Ева Рехтель-Мертенс переводит слово «ласки» («caresses») в первых двух случаях употребления через немецкое слово «Zarlichkeiten», которое соотносится скорее со словом «нежности» («tendresses»), входящим в состав более обширного семантического поля 501 , тогда как Беньямин переводит буквально: «Und es macht einen resend, diese Liebkosungen nicht von der Frau selbtst vollenden lassen zu konnen» 502 . Переводить так, как переводит Ева Рехтель-Мертенс, теряя из виду букву, – значит терять как раз эротизм прустовского текста, значит выйти за рамки игры, которая завязывается на грани непристойности или порнографии, возбуждая воображение читателя.
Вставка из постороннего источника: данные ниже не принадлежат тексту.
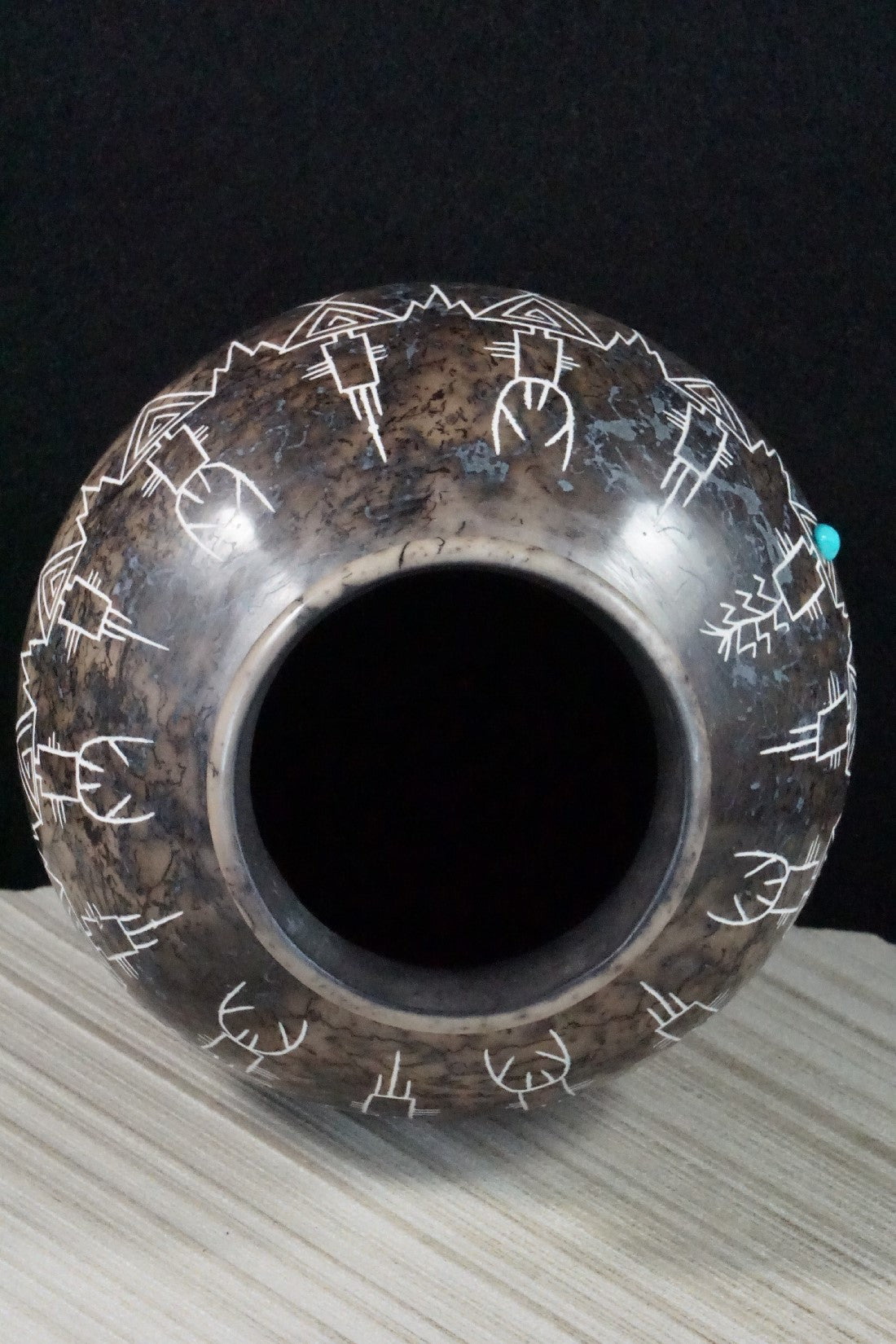 Acoma Pottery - Irvin Louis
Перевод Беньямина остается верен силе желания, циркулирующего в тексте, и, как мы показали в другой работе 503 , тем самым он сохраняет это всеприсутствие смерти, характерное для романа Пруста. Такая верность, предоставляющая более надежный доступ к тексту, основывается, как известно, на теоретической концепции, имеющей капитальное значение для истории перевода.
500
Proust M. A la recherche du temps perdu.
501
Proust M. Die Welt der Guermantes II / Deutsch von E. Rechel-Mertens. Frankfurt am M., 1959. S. 510.
502
Proust M. Guermantes. Frankfurt a. M., 1987 (1`ere 'ed. Piper R. M"unchen, 1930). S. 380.
503
См.: Kahn R. Images, passages, Marcel Proust et Walter Benjamin. Paris, 1998. Одна из глав посвящена переводу.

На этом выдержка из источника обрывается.